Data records
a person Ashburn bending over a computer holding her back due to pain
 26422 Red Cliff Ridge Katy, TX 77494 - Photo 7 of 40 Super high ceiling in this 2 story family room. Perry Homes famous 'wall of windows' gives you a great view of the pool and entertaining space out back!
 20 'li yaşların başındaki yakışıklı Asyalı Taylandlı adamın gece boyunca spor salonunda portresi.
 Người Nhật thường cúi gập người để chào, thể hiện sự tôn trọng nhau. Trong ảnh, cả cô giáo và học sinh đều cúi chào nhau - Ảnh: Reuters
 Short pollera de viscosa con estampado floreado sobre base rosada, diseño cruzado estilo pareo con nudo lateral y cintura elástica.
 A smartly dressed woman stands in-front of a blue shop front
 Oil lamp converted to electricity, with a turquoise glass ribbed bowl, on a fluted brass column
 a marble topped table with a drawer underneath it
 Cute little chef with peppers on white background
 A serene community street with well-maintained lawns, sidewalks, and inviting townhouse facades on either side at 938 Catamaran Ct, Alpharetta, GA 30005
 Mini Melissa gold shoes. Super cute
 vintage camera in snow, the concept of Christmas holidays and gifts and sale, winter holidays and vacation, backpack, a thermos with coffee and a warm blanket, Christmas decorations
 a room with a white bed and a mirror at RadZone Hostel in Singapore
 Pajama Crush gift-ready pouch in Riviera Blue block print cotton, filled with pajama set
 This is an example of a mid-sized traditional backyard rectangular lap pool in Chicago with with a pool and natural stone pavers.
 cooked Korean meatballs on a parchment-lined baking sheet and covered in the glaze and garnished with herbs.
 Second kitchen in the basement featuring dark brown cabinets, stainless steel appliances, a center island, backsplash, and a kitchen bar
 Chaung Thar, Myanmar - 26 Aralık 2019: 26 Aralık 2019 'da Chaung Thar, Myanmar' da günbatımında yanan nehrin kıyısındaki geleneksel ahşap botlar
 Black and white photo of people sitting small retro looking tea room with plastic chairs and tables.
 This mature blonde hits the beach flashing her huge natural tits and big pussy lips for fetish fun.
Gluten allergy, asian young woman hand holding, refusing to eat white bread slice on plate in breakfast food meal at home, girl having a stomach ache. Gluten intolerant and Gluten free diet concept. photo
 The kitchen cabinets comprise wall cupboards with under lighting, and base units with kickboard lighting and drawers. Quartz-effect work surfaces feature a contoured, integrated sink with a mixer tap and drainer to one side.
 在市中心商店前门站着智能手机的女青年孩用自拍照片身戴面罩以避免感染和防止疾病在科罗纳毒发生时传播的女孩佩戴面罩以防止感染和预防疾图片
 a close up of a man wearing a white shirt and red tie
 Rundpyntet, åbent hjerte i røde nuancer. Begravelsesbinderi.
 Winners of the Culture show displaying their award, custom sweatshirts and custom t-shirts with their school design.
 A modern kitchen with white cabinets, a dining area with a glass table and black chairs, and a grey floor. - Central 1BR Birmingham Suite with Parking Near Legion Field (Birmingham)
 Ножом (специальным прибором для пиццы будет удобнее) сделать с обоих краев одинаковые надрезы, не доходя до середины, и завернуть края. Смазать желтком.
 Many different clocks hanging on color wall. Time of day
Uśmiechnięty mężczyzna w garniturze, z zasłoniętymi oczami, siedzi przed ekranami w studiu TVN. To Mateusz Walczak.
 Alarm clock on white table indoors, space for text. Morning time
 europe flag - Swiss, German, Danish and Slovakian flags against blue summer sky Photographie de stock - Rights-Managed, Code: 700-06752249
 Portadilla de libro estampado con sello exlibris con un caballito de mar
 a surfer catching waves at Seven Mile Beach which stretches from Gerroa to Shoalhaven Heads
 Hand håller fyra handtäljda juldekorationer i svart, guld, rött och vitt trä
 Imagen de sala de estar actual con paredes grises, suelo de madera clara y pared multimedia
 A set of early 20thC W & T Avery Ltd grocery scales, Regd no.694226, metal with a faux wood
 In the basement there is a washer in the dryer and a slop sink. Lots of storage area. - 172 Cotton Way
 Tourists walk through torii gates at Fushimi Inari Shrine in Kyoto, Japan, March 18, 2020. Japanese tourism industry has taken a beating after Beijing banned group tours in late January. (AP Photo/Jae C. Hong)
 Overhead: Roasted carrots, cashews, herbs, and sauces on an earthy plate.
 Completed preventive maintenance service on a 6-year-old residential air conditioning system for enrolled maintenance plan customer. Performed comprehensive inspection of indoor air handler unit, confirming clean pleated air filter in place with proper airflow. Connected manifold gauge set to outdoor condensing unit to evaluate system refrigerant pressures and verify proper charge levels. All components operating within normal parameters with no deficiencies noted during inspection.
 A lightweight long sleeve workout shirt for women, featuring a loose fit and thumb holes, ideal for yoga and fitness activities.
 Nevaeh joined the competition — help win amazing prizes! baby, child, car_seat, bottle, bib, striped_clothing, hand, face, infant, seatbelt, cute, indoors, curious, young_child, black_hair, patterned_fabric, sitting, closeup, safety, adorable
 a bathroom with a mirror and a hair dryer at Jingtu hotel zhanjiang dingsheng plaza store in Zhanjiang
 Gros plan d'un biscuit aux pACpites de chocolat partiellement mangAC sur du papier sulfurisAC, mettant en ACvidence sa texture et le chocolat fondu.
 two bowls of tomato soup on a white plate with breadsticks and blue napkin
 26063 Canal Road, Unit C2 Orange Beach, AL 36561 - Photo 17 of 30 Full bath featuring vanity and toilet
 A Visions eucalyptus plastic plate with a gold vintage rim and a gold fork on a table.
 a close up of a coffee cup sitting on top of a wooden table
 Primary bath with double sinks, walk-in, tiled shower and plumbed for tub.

» Try it: Every line above from the line with "Black and white" to the line with "The kitchen cabinets", both included, must be reproduced exactly, and no other line may appear.

» Answer to the exercise:
 Black and white photo of people sitting small retro looking tea room with plastic chairs and tables.
 This mature blonde hits the beach flashing her huge natural tits and big pussy lips for fetish fun.
Gluten allergy, asian young woman hand holding, refusing to eat white bread slice on plate in breakfast food meal at home, girl having a stomach ache. Gluten intolerant and Gluten free diet concept. photo
 The kitchen cabinets comprise wall cupboards with under lighting, and base units with kickboard lighting and drawers. Quartz-effect work surfaces feature a contoured, integrated sink with a mixer tap and drainer to one side.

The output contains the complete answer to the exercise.